Personal Speech Synthesis:
Try and guess which one of these recordings is me and which is Lyrebird. Easy, right? I’ve got a ways to go
Without getting very in-depth with a project I am aiming to complete within a few years, I’d like to update you all on my progress on synthesizing my own voice. The main goal for this branch of my project is to create my own personification of a personal assistant. While this isn’t easy, with the complexity of the voices behind Siri and Alexa I’m confident that with enough training time and data I can mimic at least similar results, but with my own voice. Anyway, with all that out of the way, here’s where I’m at:
If we’re talking about completely finished results, technically I haven’t finished anything. Through one of my favorite podcasts, RadioLab, I cam across a startup called Lyrebird that uses AI to deconstruct parts of your speech using hundreds of recordings and slowly piece together a copy of your voice. It’s not great, especially because they have the service limited to 300 recordings so far (about an hour), but it does start to sound a little like me, even through the very robotic tone. Included in this post is a recording I compiled through Lyrebird and one I did of myself, check it out. This would suffice for testing out what I need to build the personal assistant, except that they dont have a public API yet (otherwise I’d let you all get me to say whatever you wanted me to say through this post). This means, other than manually typing out what i want it to say, I cant impliment it in anything like an assistant. So, I kept looking around and found something else that might work.

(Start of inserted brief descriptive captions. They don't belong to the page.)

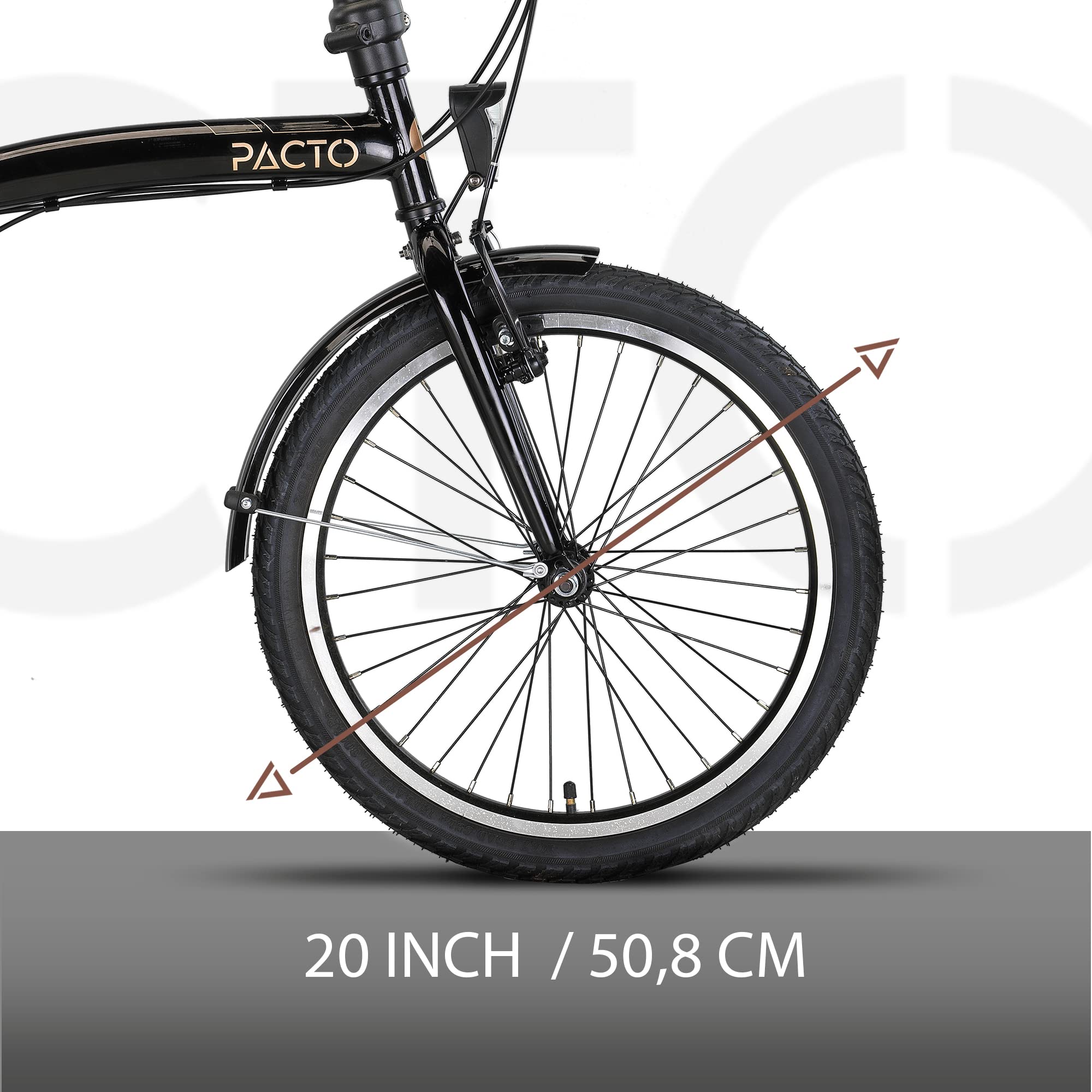 PACTO Eleven Vélo pliable de 20 pouces de haute qualité 27 cm Cadre en acier Shimano Nexus 3 vitesses, vélo de ville pliable facile à plier en 10 secondes, vélo pliable V-Brakes pliable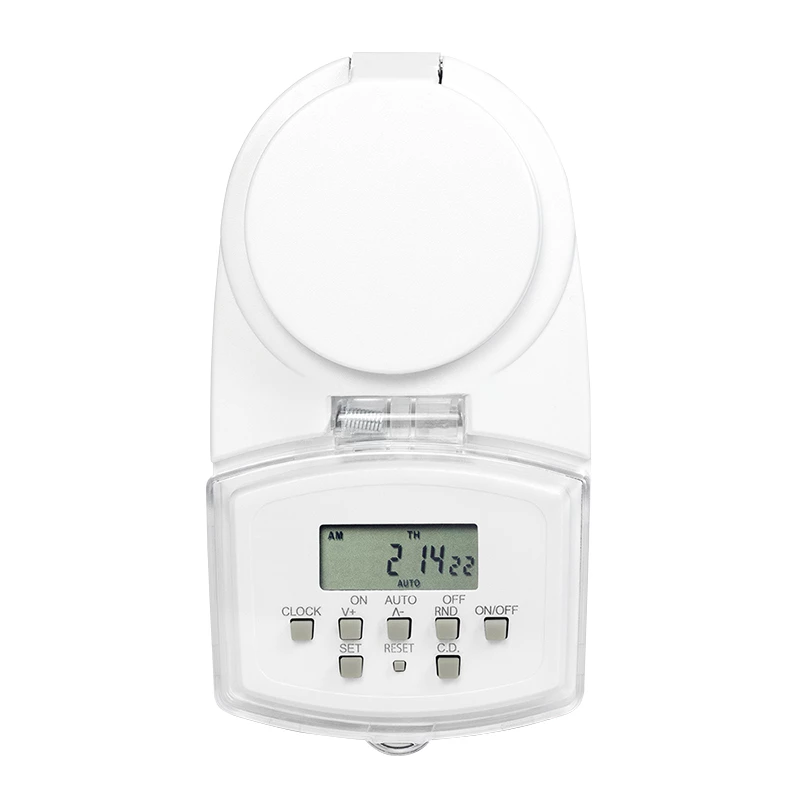 LOGILINK ET0008 väline digitaalne taimer - IP44, 10 sisse/välja programmi, 16A/3680W, Schuko (tüüp F), must/hall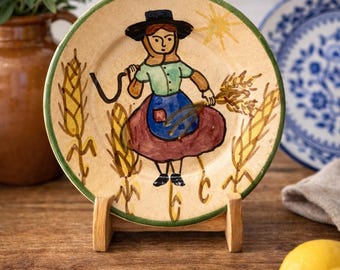 Folk Art Plate- Portuguese Pottery, Olaria Pirraca, Redondo Village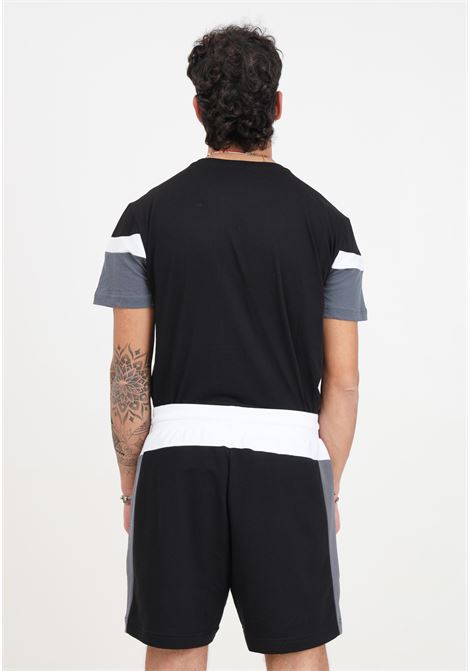 Shorts da uomo nero con stampa logo sul lato EA7 | Shorts | 3DPS58PJLIZ1200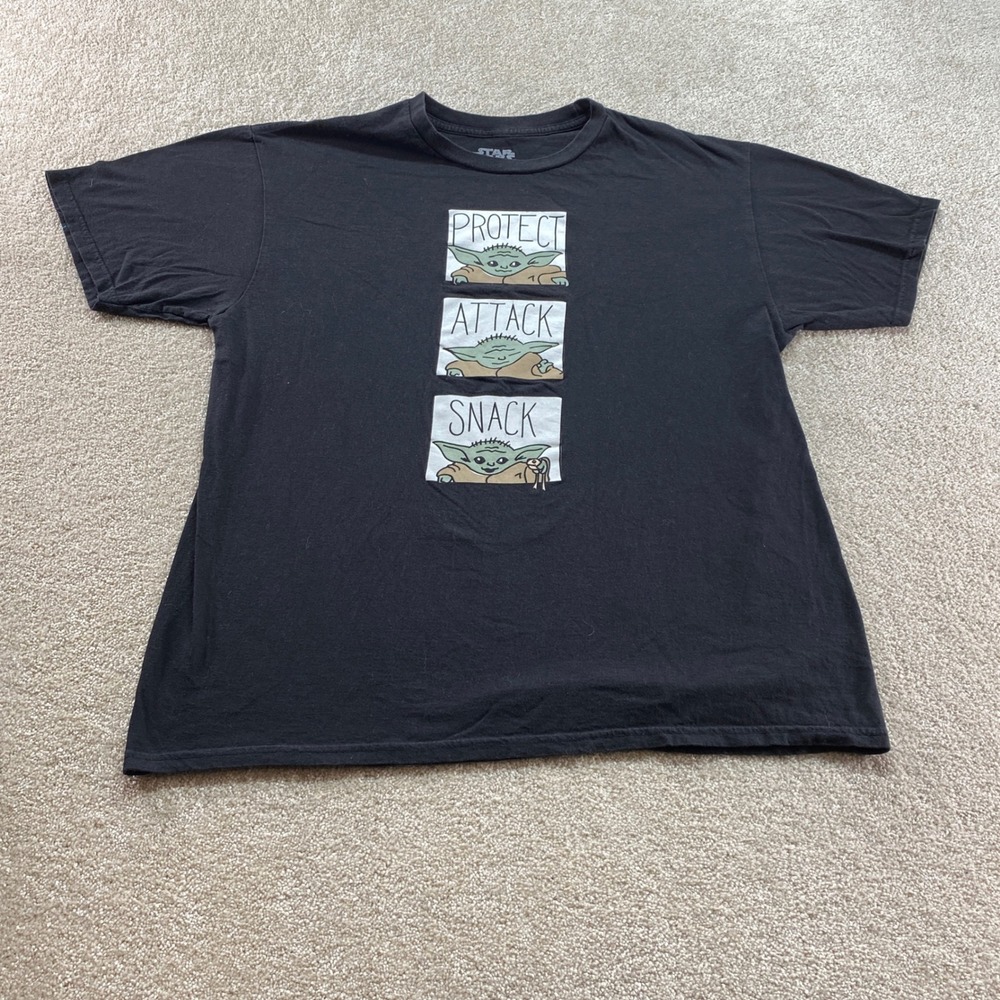 Star Wars Shirt‎ Mens XL Black Grogu Baby Yoda Protect Attack Snack Graphic Tee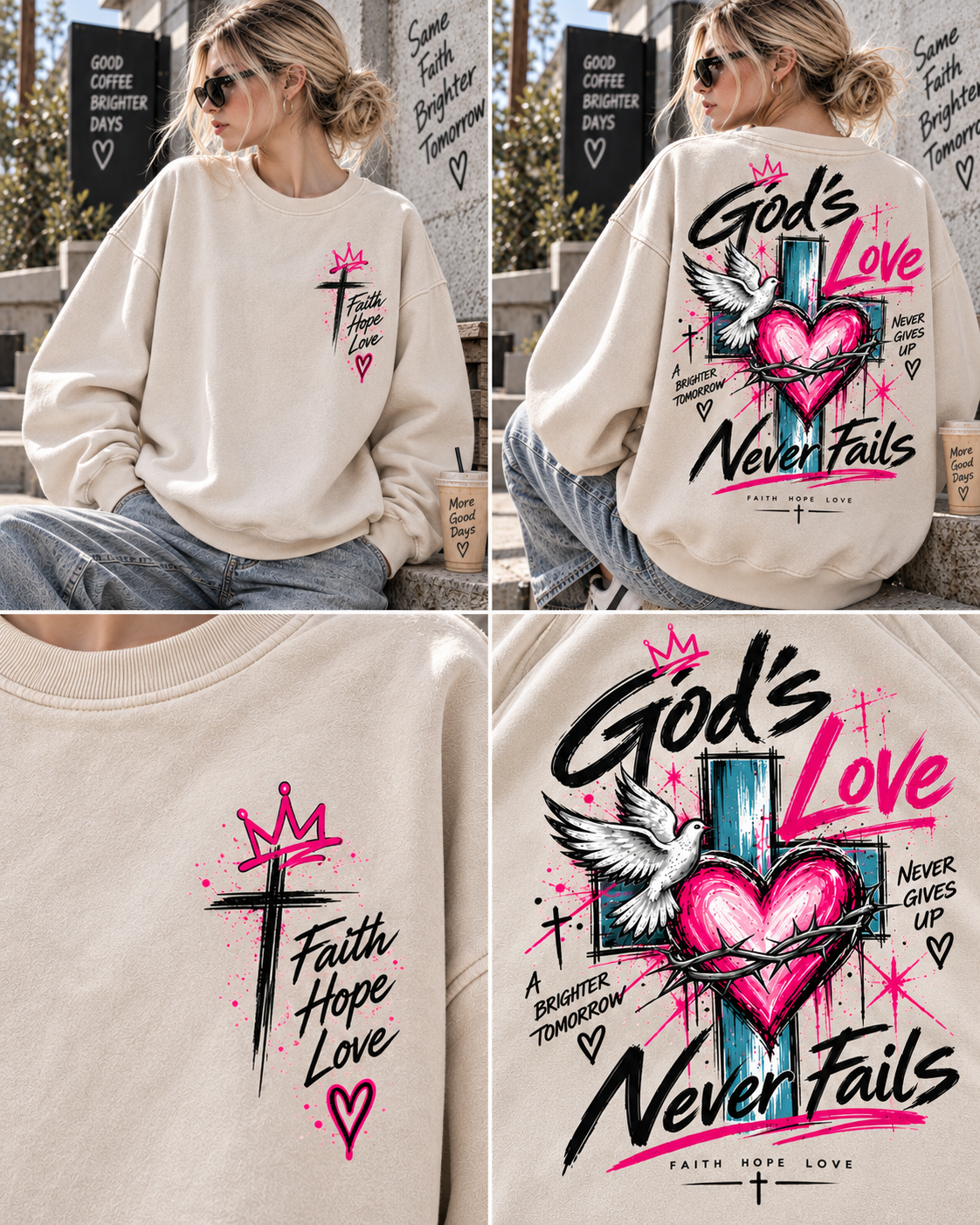 Faith Hope Love – Never Fails Vintage Sweatshirt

Google DeepMind has done some amazing work in the last few years, but their WaveNet research really blew me away. I’ll link to their original paper here. What they’ve done since then is build upon this using TensorFlow to preprocess and train a model based on any amount of recordings you feed it, only stopping at a defined step level. The process and technology is pretty amazing, and I’m specifically looking at using their Tacotron 2 implementation. Various versions exist on GitHub. You can hear some of the examples here; they really blow my mind. So, I’ve installed all the needed dependencies and will start training a model for my own voice! As soon as I record about 24 hours of my voice…. hah, easier said than done. So, this project is going to take a lot longer than I expected. Luckily, my GTX 1080 has a compute score of 6.1 so if I leave it training for a day or two, once I do all those pesky recordings, it should sound pretty great.
For now, that’s pretty much all I have, so updates to come!